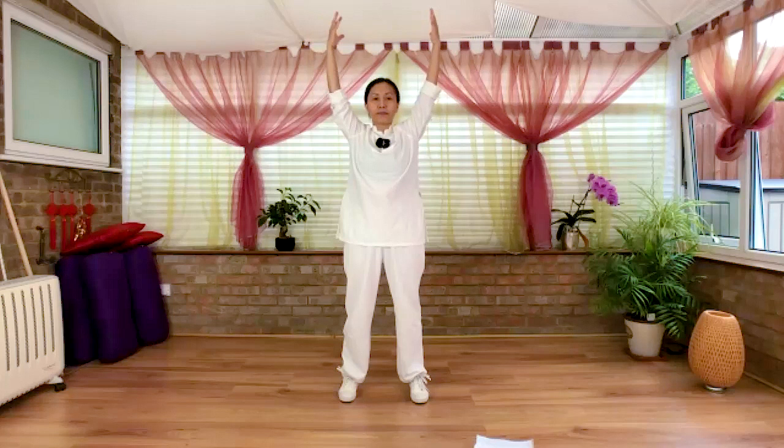Arms over your head. Inhale, exhale. Gathering the chi, returning to lower, then ten.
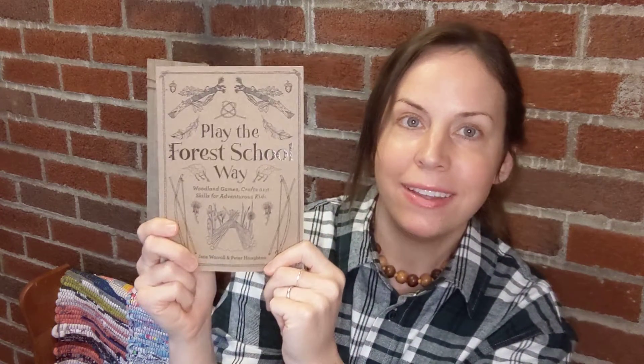I highly recommend the book — 'Play the Forest School Way.' I'm going to make it a priority to get outside more and do these crafts, even though it's cold. We can still go outside, explore nature, and learn different skills. Thank you for joining me today. I wish you a happy start of the holiday season, and I hope you get the book and explore nature with your children this December. Thank you, bye!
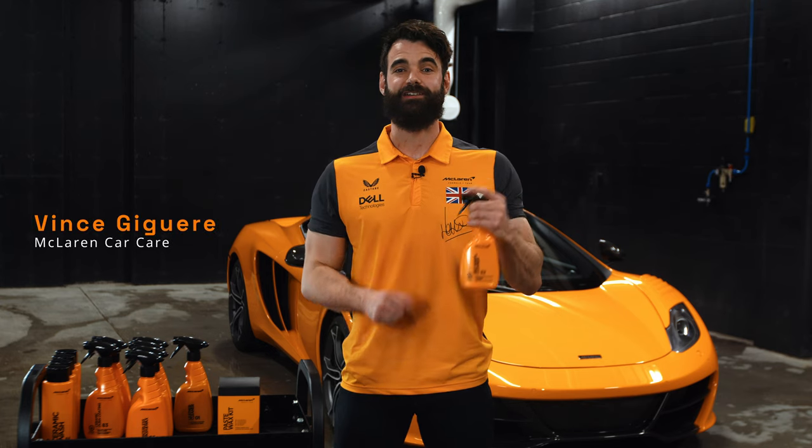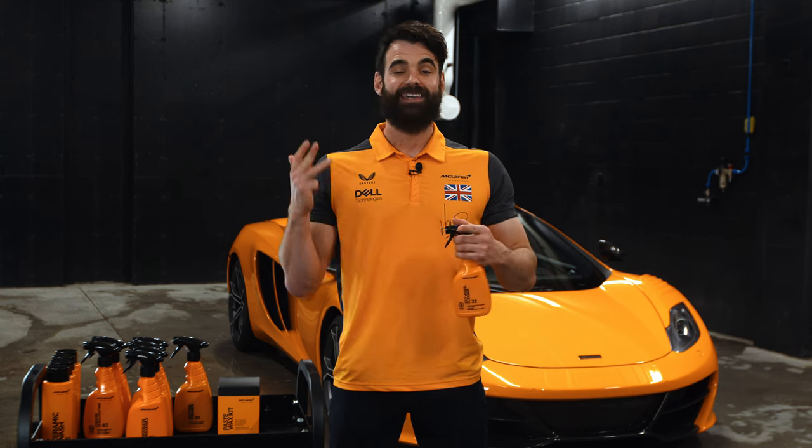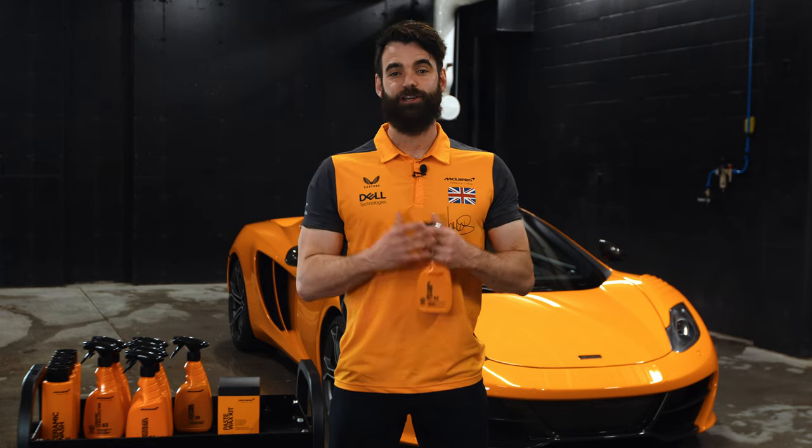Hey guys, Vince at McLaren Car Care. This is the Red Wheel Cleaner. It's going to allow you to safely wash any type of wheel, remove dust, brake dust, grime, calcium, or salt from your wheels. And while it's activated by the contaminant, it's going to turn red — which is why we named it the Red Wheel Cleaner. So let me show you how to safely use it on your own car.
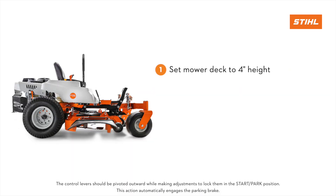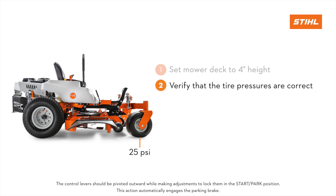Set the mower deck to the 4-inch cutting height. Verify that the tire pressures are inflated to the correct pressure. The front tire should be 25 psi and the rear tire should be 15 psi.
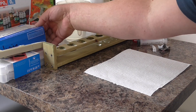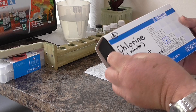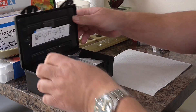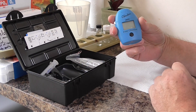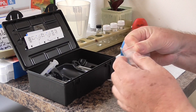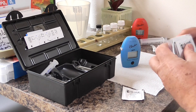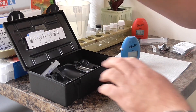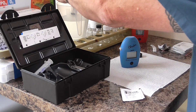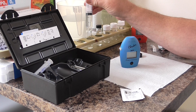Next test we're going to do is chlorine. This is the chlorine test. Again we've got the meter, some reagents — get one out — and a test tube to put the 10 millilitres of pond water in. So we get the 10 millilitres in here.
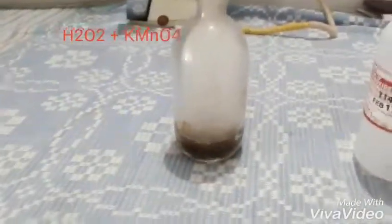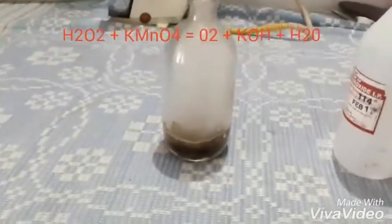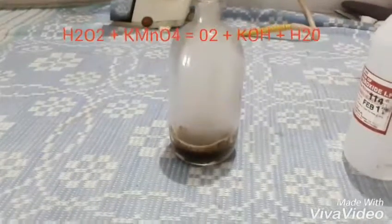When we mix H₂O₂ and KMnO₄, it decomposes into H₂O and KOH.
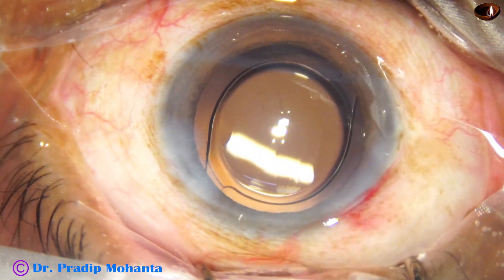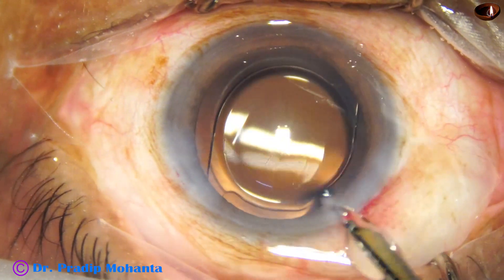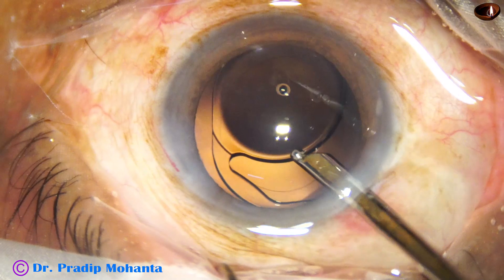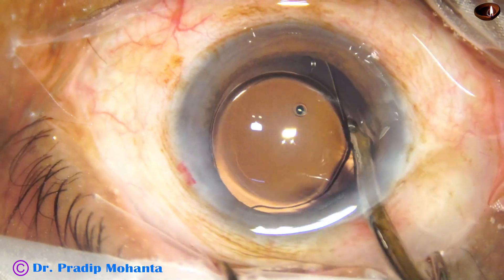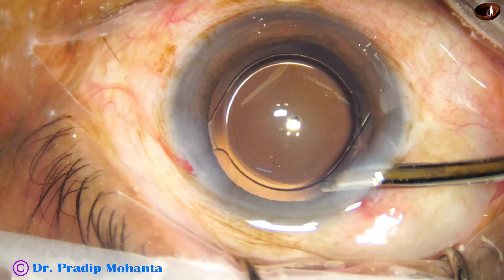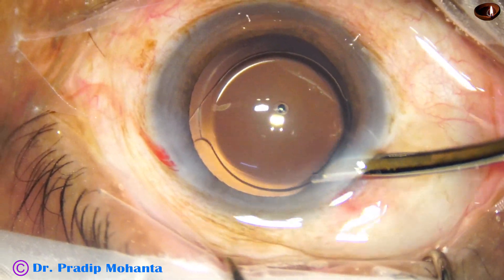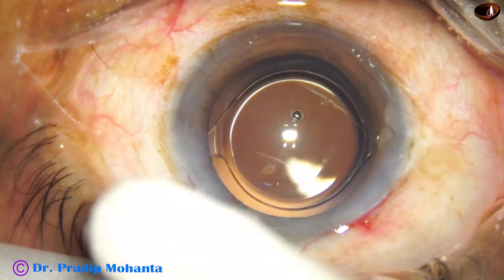Finally, lavage is performed. Any viscoelastic molecule or any foreign particle should come out at this time; there should be pure BSS. The anterior chamber is nicely formed and integrity of all the wounds is checked.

□ □ □

Work instruction —
Copy the records above precisely, and leave every image out of the copy.

Written answer —
Arms over your head. Inhale, exhale. Gathering the chi, returning to lower, then ten.
I highly recommend the book — 'Play the Forest School Way.' I'm going to make it a priority to get outside more and do these crafts, even though it's cold. We can still go outside, explore nature, and learn different skills. Thank you for joining me today. I wish you a happy start of the holiday season, and I hope you get the book and explore nature with your children this December. Thank you, bye!
Hey guys, Vince at McLaren Car Care. This is the Red Wheel Cleaner. It's going to allow you to safely wash any type of wheel, remove dust, brake dust, grime, calcium, or salt from your wheels. And while it's activated by the contaminant, it's going to turn red — which is why we named it the Red Wheel Cleaner. So let me show you how to safely use it on your own car.
Set the mower deck to the 4-inch cutting height. Verify that the tire pressures are inflated to the correct pressure. The front tire should be 25 psi and the rear tire should be 15 psi.
Next test we're going to do is chlorine. This is the chlorine test. Again we've got the meter, some reagents — get one out — and a test tube to put the 10 millilitres of pond water in. So we get the 10 millilitres in here.
When we mix H₂O₂ and KMnO₄, it decomposes into H₂O and KOH.
Finally, lavage is performed. Any viscoelastic molecule or any foreign particle should come out at this time; there should be pure BSS. The anterior chamber is nicely formed and integrity of all the wounds is checked.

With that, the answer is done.